Face saturation and the electroweak spectrum : three boson masses from the pentachoron

Face saturation and the electroweak spectrum: three boson masses from the pentachoron

The companion papers P1 and P2 established the pentachoron (K₅) as the unique elementary cell of discrete gravity in d = 4, with a single coupling α* = 1/(4 ln 2), and derived nine fermion masses (mean 2.4%, max 5.3%) from a zero-parameter mass formula mₖ/mₑ = u^{nₖ²}.

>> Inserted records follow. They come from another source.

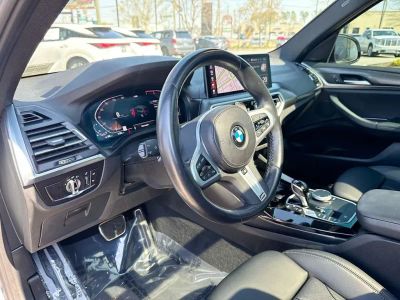 2022 BMW X3 - Photo 20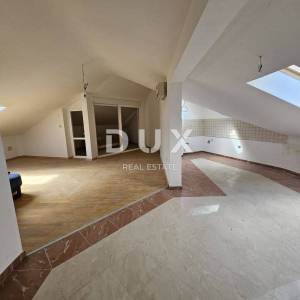OPATIJA, VOLOSKO, PAVLOVAC - stan 125m2 s panoramskim pogledom na more 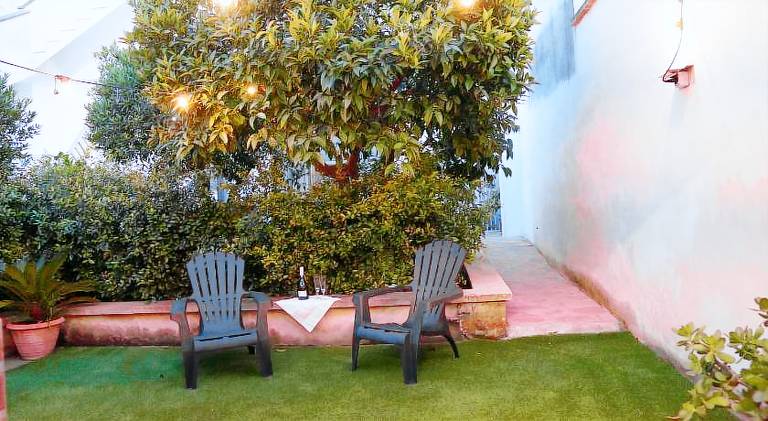 Vacation home with 2 rooms for 5 persons — photo 4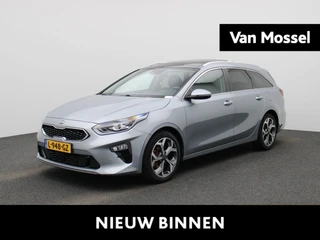 Kia Ceed Sportswagon 1.5 T-GDi ExecutiveLine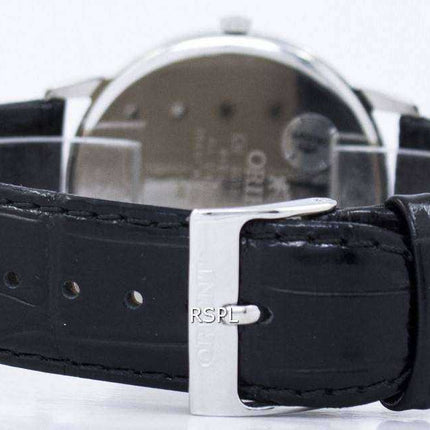 Orient Classic Quartz FUG1R008B Orologio da uomo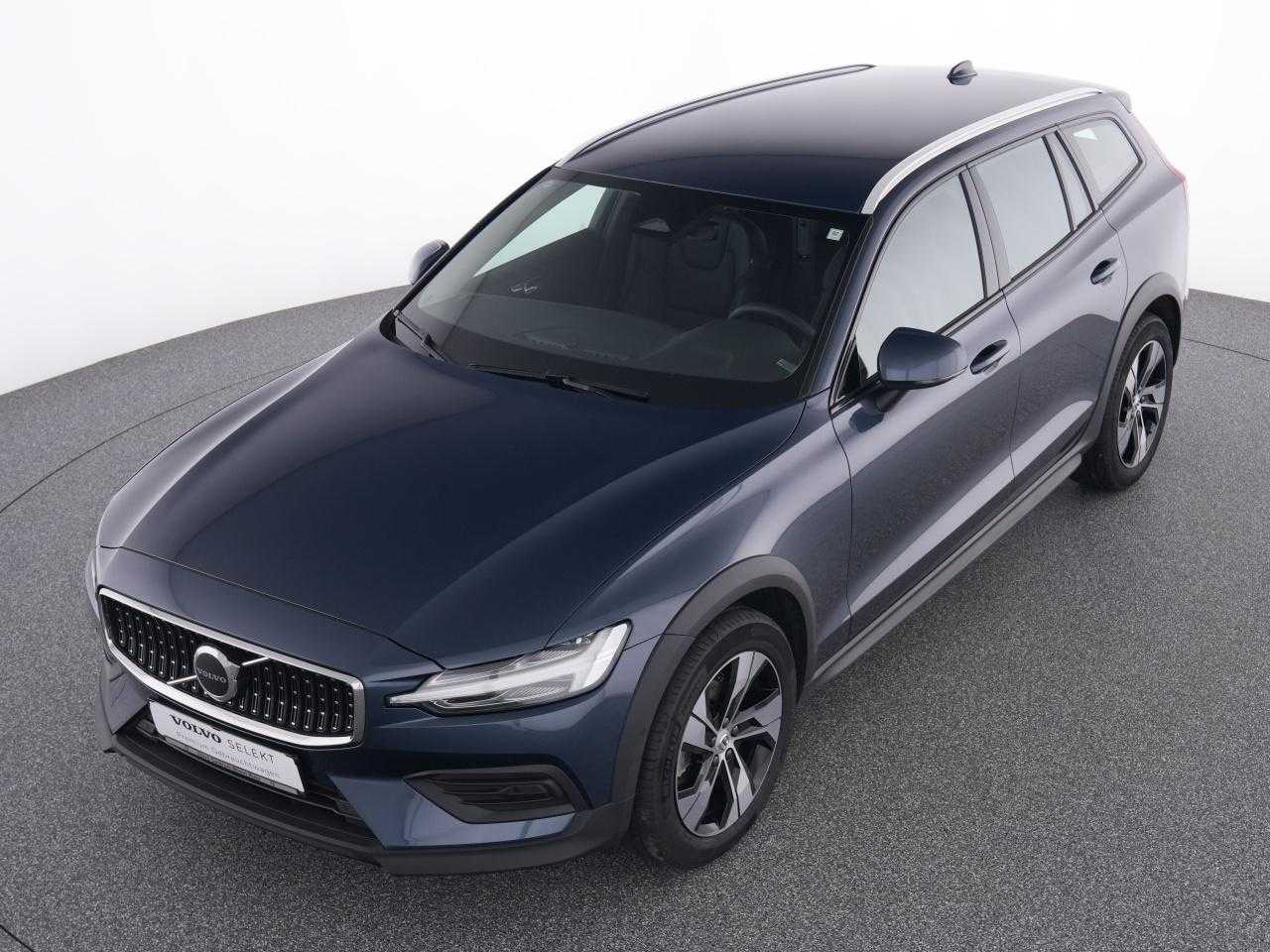 Volvo  CC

This paper extends the programme to the electroweak sector. The Laplacian L⁽⁰⁾ of K₅ has five eigenmodes: four internal modes (rank 4, component sums vanishing) and one network mode ψ₀ (kernel, component sum √5). By the fermion conservation theorem (P1 Theorem II.1), edge excitations—including trapped gauge bosons—have vanishing component sums and are therefore mute on ψ₀. Face excitations have non-vanishing component sums and activate ψ₀.

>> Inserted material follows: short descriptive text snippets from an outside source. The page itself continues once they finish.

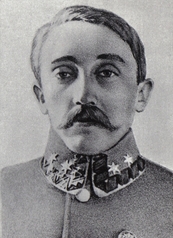 Wacław Kostek-Biernacki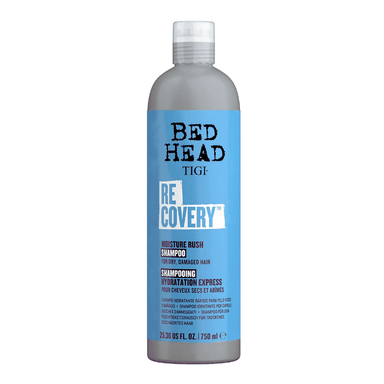 PACK TIGI BED HEAD DUO RECOVERY SHAMPOO 750ML ACONDICIONADOR 750ML - 2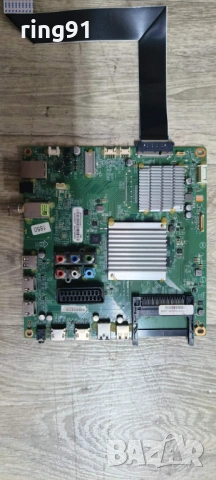 Main board - 715G8132-M01-B00-005T TV Philips 49PUH6101/88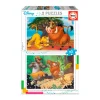 Puzzles Disney Animals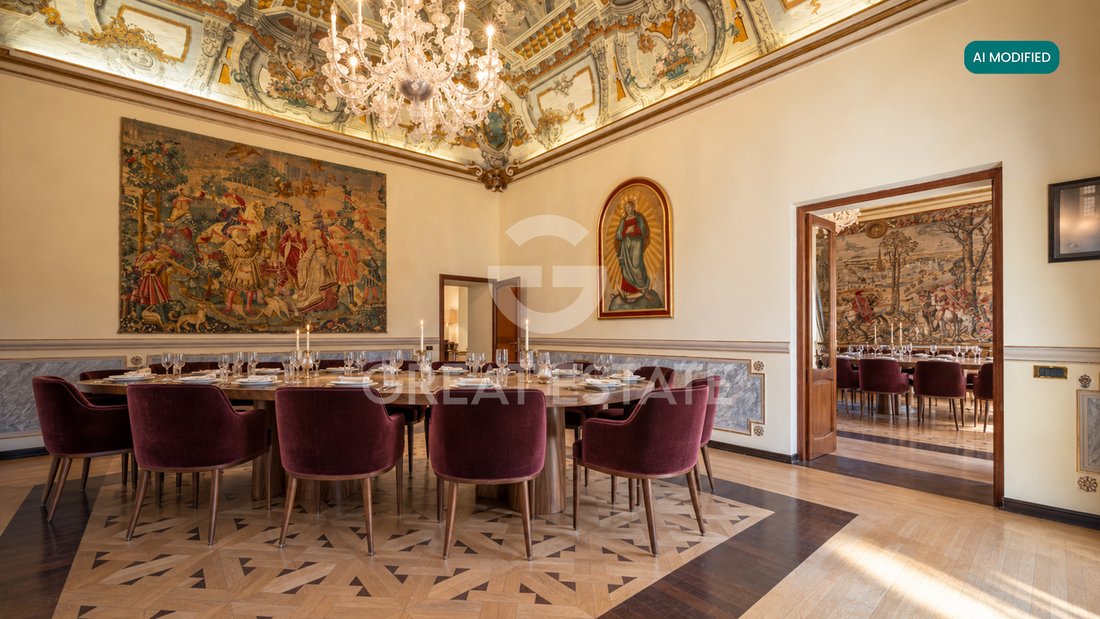 Apartment in Assisi, Umbria, Italy 5 - 18847491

The Higgs boson, identified with the face excitation that creates and maintains the saturation, pays a surplus of five mode activations at unit cost u over the W boson. The predicted mass ratio is

mH/mW = u^{rank(L⁽⁰⁾) + dim ker(L⁽⁰⁾)} = u^{4+1} = u⁵,

verified at +0.73% against PDG 2024 (within the W resonance width ΓW/mW = 2.6%).

Two additional observations are reported: sin²θW = α*(1 − α*) = (ρ* − 1)/ρ² (matching the MS-bar value at −0.27%, status T3) and αEM ≈ α/Σnₖ² (matching at +1.16%, status T3, not derived). Combined with one anchor mass, the framework predicts mZ and mH (or mW and mZ) at sub-percent precision with zero free parameters.

A variational framework is introduced: the pentachoric action S[ρ̃] = ½⟨ρ̃, L⁽⁰⁾ρ̃⟩ − α* Σρ̃ᵥ ln ρ̃ᵥ generates the local conformal factor e^{−αρ̃} of P1 via δS = 0, the causal flux F(ρ) = ρ e^{−αρ} as a mean-field reduction, and the face saturation threshold as a Hessian instability. The DOF conservation 10 → 10 and the 4+1 surplus become variational identities.

The companion verification script (128 tests, all PASS) provides a reproducible audit trail.